A case management team consisting of a physician, a nurse, and a trained patient advocate. Patient advocates already exist in these clinics and are usually HIV-infected adults who are selected based on exemplary treatment adherence and clinic attendance. The patient advocate will accompany study participants to all four PAPA clinic visits and will support the peer facilitator to lead the OSG
In the intervention arm, ALHIV will be transitioned from pediatric to adult care over a period of 1 year. Participants will be enrolled when they are approximately 1 year younger than the routine age of transfer at each study facility (either 15 or 18 years of age). During the 12-month pre-transfer period, ALHIV will be scheduled for clinic visits per the PAPA model. Patient advocates will accompany adolescents to each PAPA clinic visit. In addition, ALHIV receiving care at intervention sites will be encouraged to attend monthly OSG meetings. OSG meetings will be scheduled with routine clinic visits and at adolescent-friendly times to minimize logistical problems and to increase attendance and sustainability. Each OSG will include up to 25 participants.

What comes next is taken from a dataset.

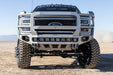 Bodyguard Freedom Extreme Front Bumpers - image 20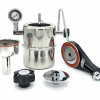 Bellman CX-25P - cafetière + steamer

Description of the control condition/usual care
The usual “transition” of care for ALHIV in Nigeria is abrupt transfer to adult care. For this protocol, “transfer” is defined as immediate handover of the ALHIV from pediatric to adult care, without a transition period, and no formal or documented communication between pediatric and adult providers prior to, or after transfer. There is also no structured pre-transfer education and/or counseling provided to ALHIV and their caregivers with respect to procedures and expectations in adult care. In CG clinics, ALHIV will stop accessing pediatric care and start accessing the adult HIV clinic at the routine age of transfer at the facility. Adolescents will have access to all available services at the adult clinic including any adult support groups that may be available.
The Standard Protocol Items: Recommendations for Interventional Trials (SPIRIT) Figure includes the timeline for study enrollment, intervention, and assessment (Fig. 4). Study participants will be recruited and enrolled onsite at the 12 study sites. Staff of the five participating local organizations will work with study site staff to identify eligible participants. The site staff will create a master list of eligible ALHIV aged between 13 and 17 years who are enrolled in HIV care at their specific site. Parents and guardians of eligible participants will be briefly informed about the study, and after indicating interest, will be approached by trained ACT research assistants for written informed consent at routine clinic visits during the recruitment period. Research assistants will thoroughly explain all study procedures and obtain consent. Assent will be obtained from eligible 13- to 17-year-old ALHIV wards of consenting parents/guardians. Written informed consent will be obtained from eligible ALHIV under 18 years old who are deemed mature or emancipated minors and meet the following criteria: have been granted the status of adulthood by a court order; have lived independent of parental guidance for a minimum of 1 year; are married; are living on the streets; or are the head of their household . It is expected that recruitment will be completed between 1 July and 1 December 2017 (Additional file 1).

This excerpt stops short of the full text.